Still, Dowd's column deals with a genuine issue -- unlike with smoking, people can have a hard time understanding how much THC they're taking in when they consume marijuana edibles. People consuming edibles sometimes believe they're not getting high because of a delayed reaction, and then end up much more intoxicated than they intended -- a problem of which Colorado state officials are well aware. But no one would be surprised if you told them a story about someone getting in trouble after drinking an entire handle of bourbon, either. And unlike with bourbon, there's never been a documented case of someone overdosing on marijuana.

"There's clearly an edibles problem, meaning that Maureen Dowd is not the only idiot in the world," said Kleiman. "Eating is dangerous because it's harder to control the dose. Under legality that problem should go away, because the dose is on the product. You should be able to take just the right amount, just like a drinker knows how many drinks they want to drink." 

"Eating is dangerous because it’s harder to control the dose. You should be able to take just the right amount, just like a drinker knows how many drinks they want to drink."'

No one is proposing we go back to the days of Prohibition, despite the fact that people often become reckless or violent when they abuse alcohol. The evidence suggests that they're more likely to do so under the influence of alcohol than marijuana.

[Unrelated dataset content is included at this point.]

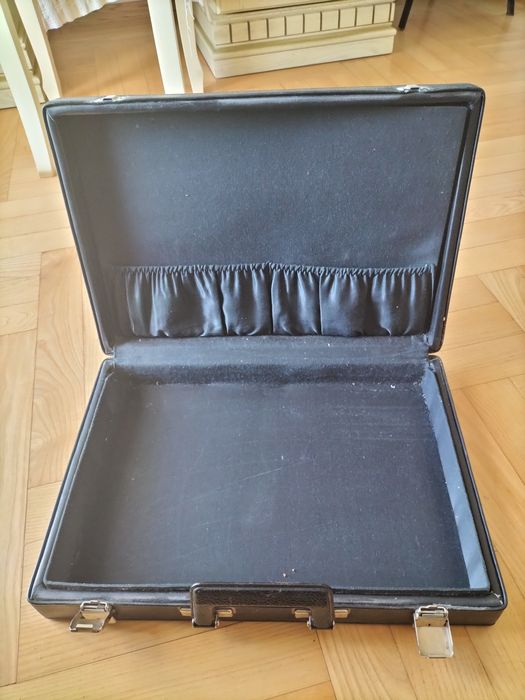 Ретро чемодан-дипломати, валізи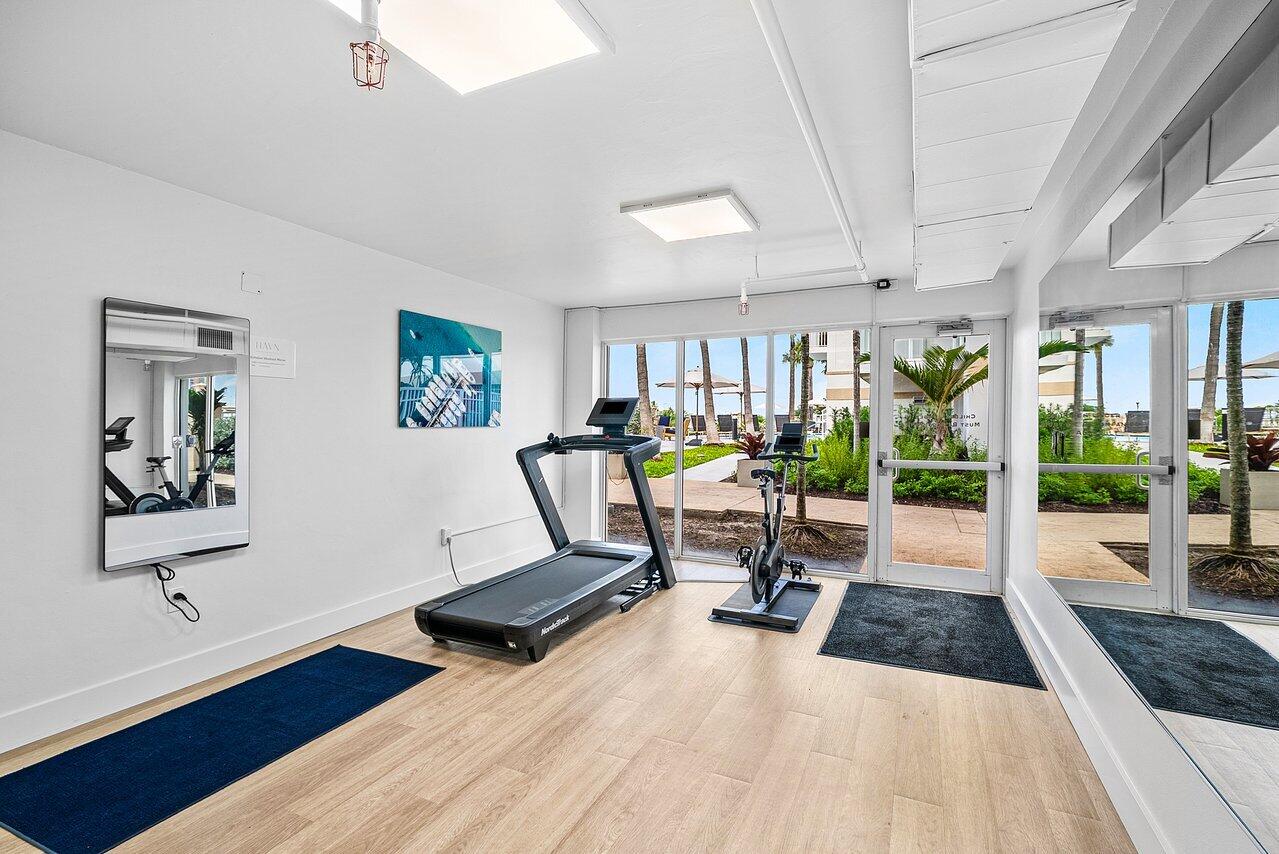 180 Lake #2-302 Singer Island, FL 33404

But as Rolling Stone's Bruce Barcott notes, "Legalization rides on the growing belief that marijuana should be treated like alcohol, not like heroin or cocaine." The perception that marijuana, independent of other factors, can turn any teenager suicidal or any husband homicidal, would alter that belief, which is why anti-legalization advocates are focusing on stories like Kirk's or Pongi's. 

There may be greater problems with marijuana legalization down the line -- particularly as the marijuana industry's political ambitions rise with their profits. But the rare scary story from Colorado or Washington doesn't tell us much about whether or not legalization is working.

"So far there's nothing coming out of Colorado that says they made a mistake," Kleiman said.